:: Required work ::
Nothing should appear in the answer except the lines below from the line containing "Fjallraven Fjallraven Men's" through the line containing "PAPAYA VILLAGE / Hobe Hills - Residential", copied exactly, with pictures left out.

:: Working data ::

▼▼▼

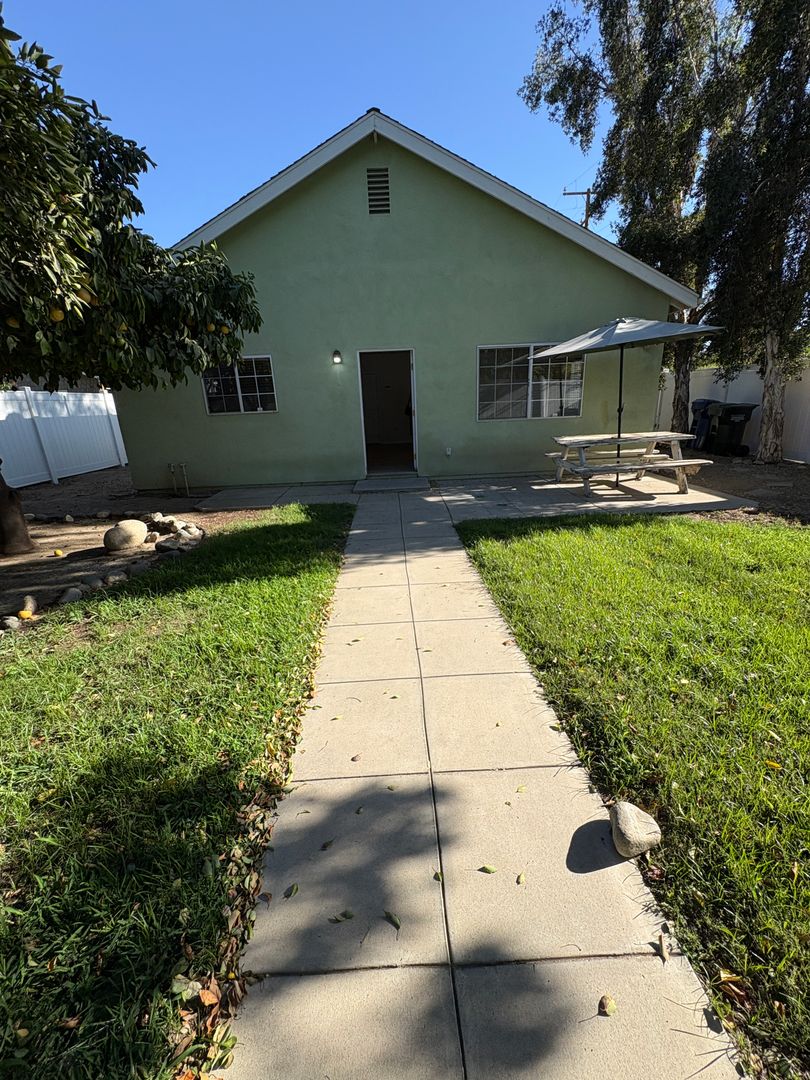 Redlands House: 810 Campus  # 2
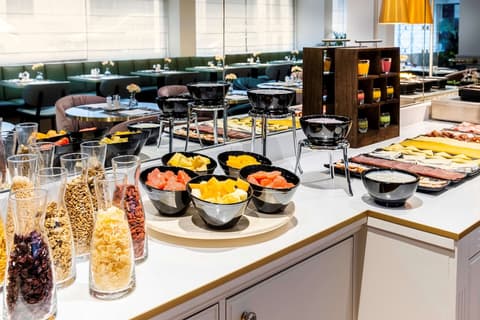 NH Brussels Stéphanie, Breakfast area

▲▲▲
▼▼▼

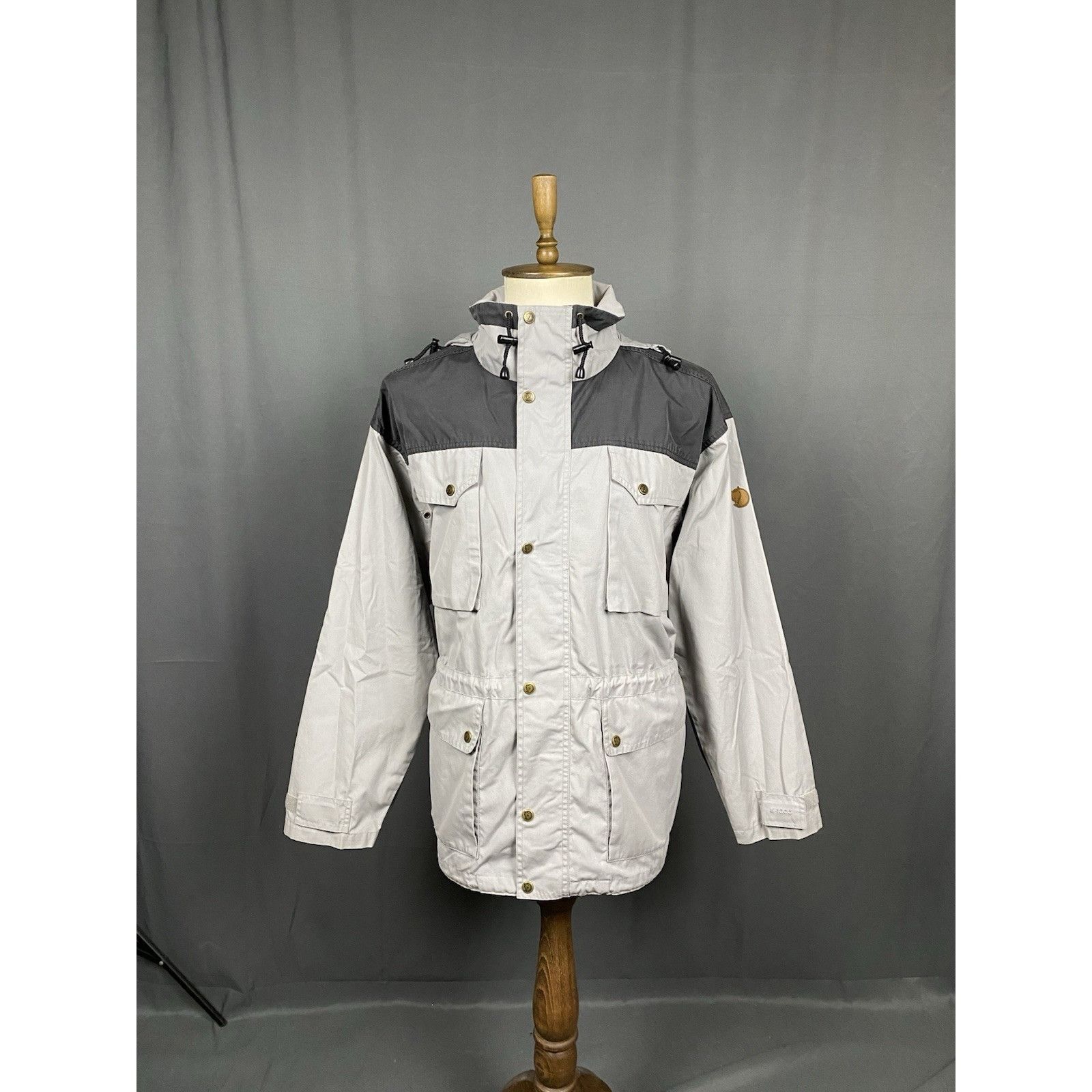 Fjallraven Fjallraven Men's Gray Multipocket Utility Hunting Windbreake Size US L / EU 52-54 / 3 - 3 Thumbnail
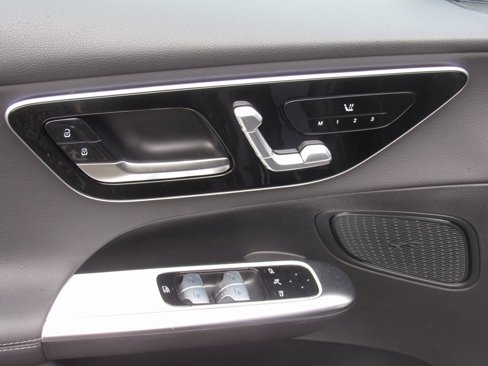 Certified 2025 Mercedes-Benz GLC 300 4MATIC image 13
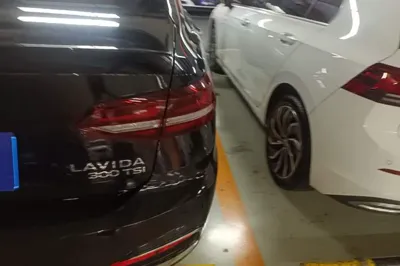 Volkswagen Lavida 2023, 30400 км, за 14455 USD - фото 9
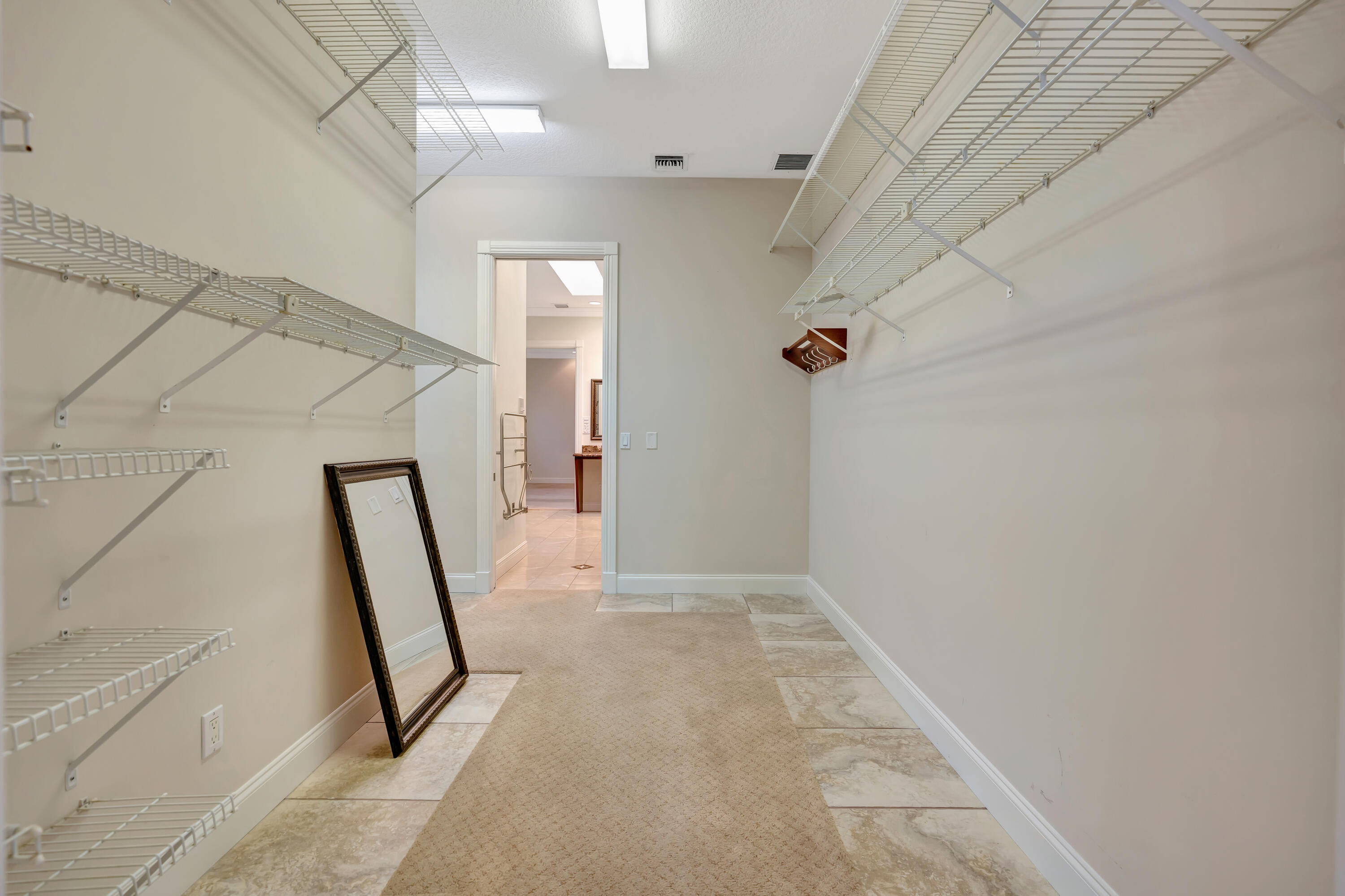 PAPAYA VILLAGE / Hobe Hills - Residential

▲▲▲
▼▼▼

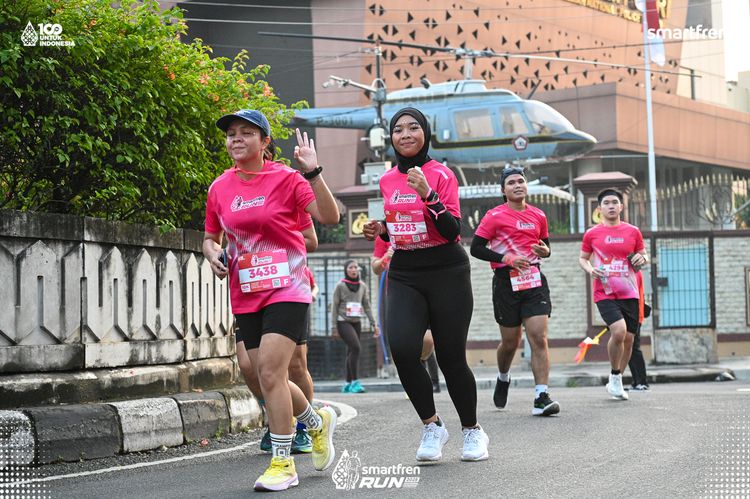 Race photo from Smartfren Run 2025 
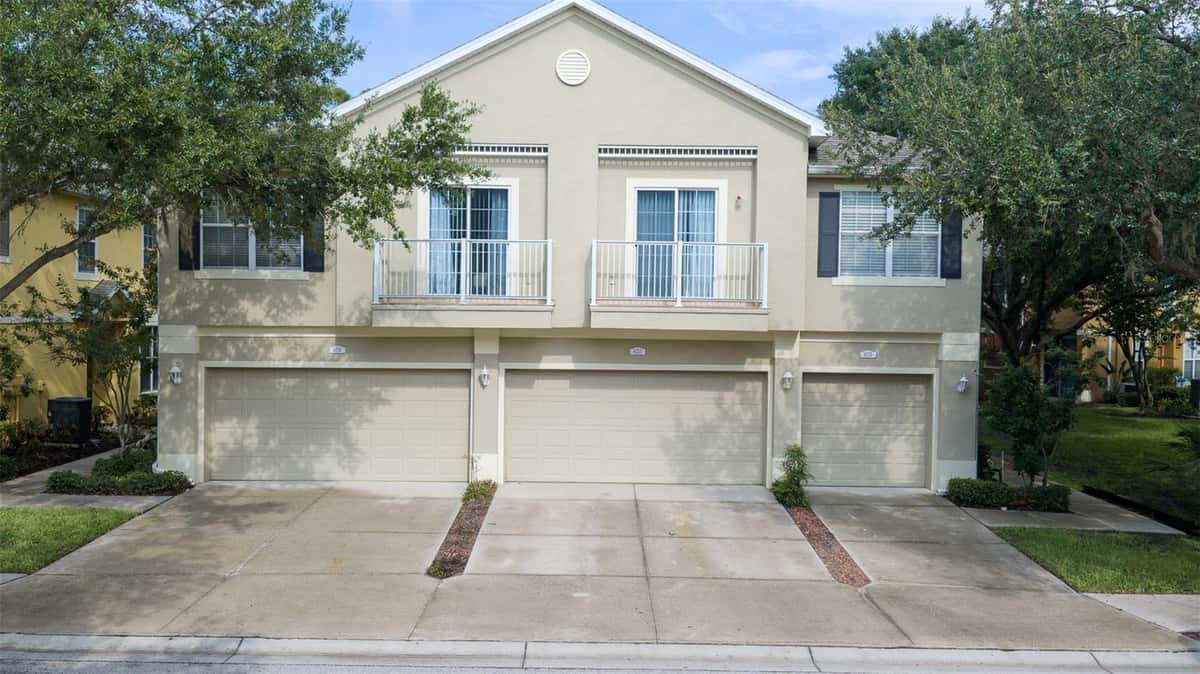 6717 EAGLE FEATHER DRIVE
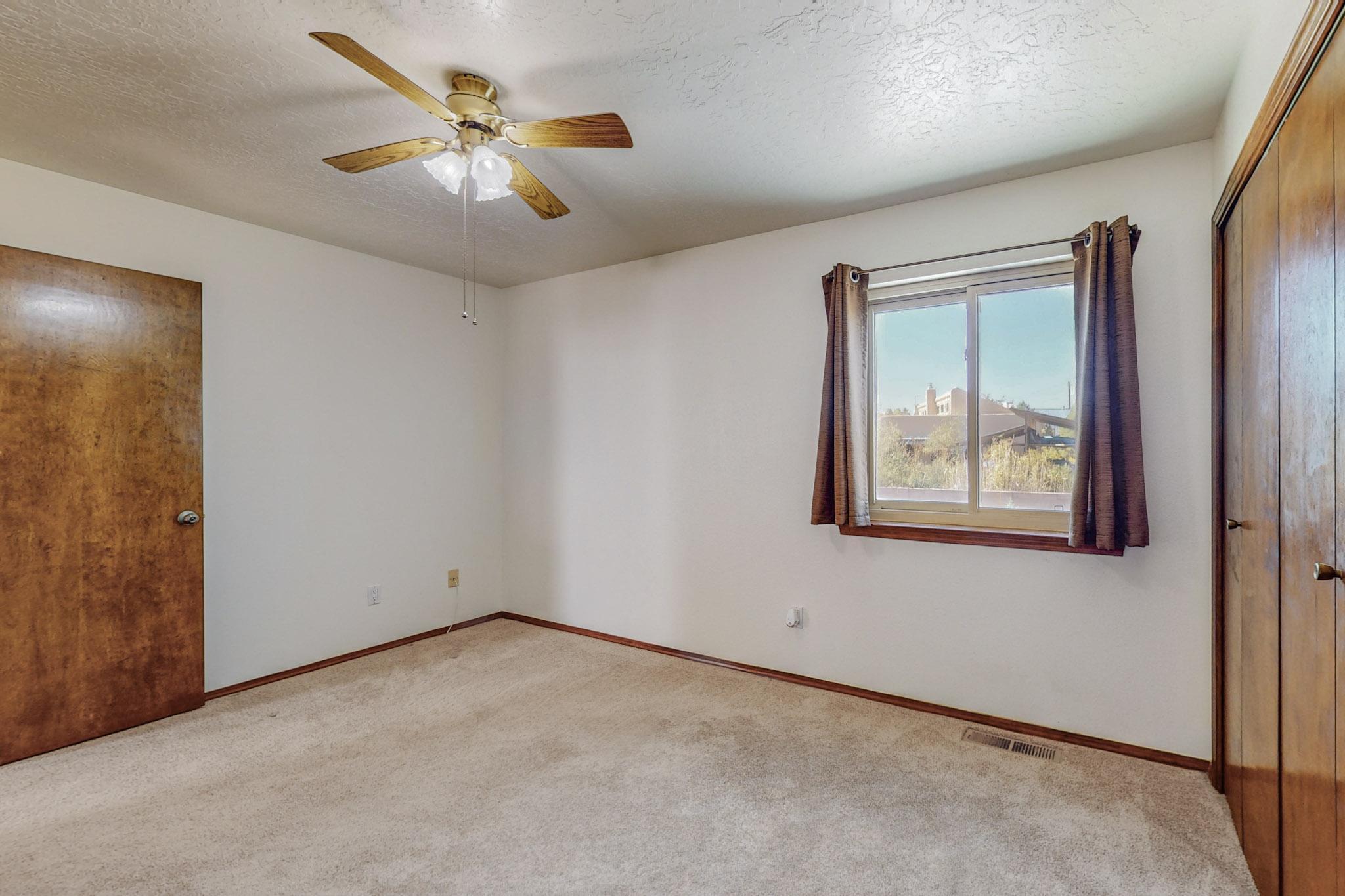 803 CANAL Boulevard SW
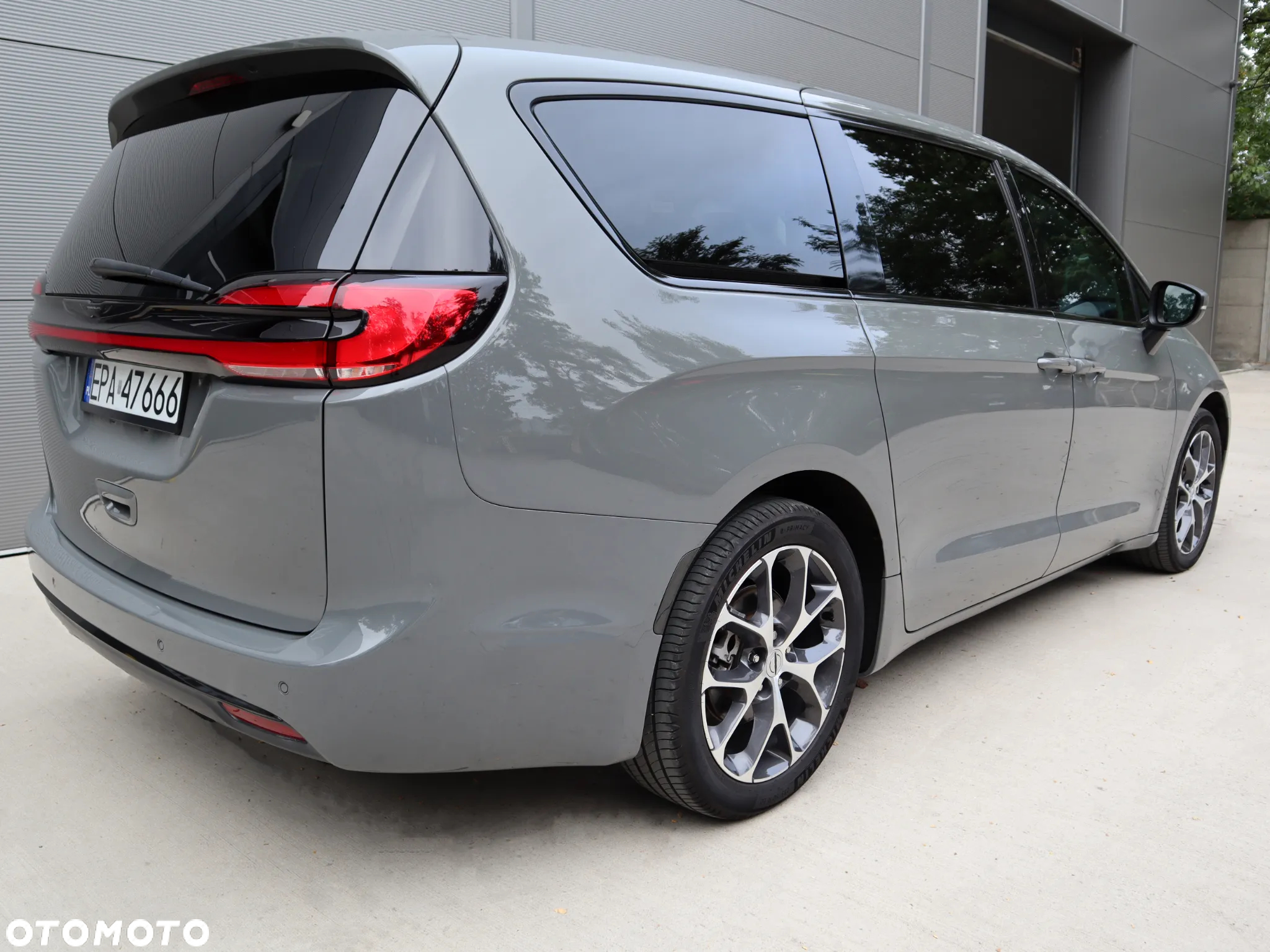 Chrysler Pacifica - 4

▲▲▲

:: Answer to the exercise ::
 Fjallraven Fjallraven Men's Gray Multipocket Utility Hunting Windbreake Size US L / EU 52-54 / 3 - 3 Thumbnail
 Certified 2025 Mercedes-Benz GLC 300 4MATIC image 13
 Volkswagen Lavida 2023, 30400 км, за 14455 USD - фото 9
 PAPAYA VILLAGE / Hobe Hills - Residential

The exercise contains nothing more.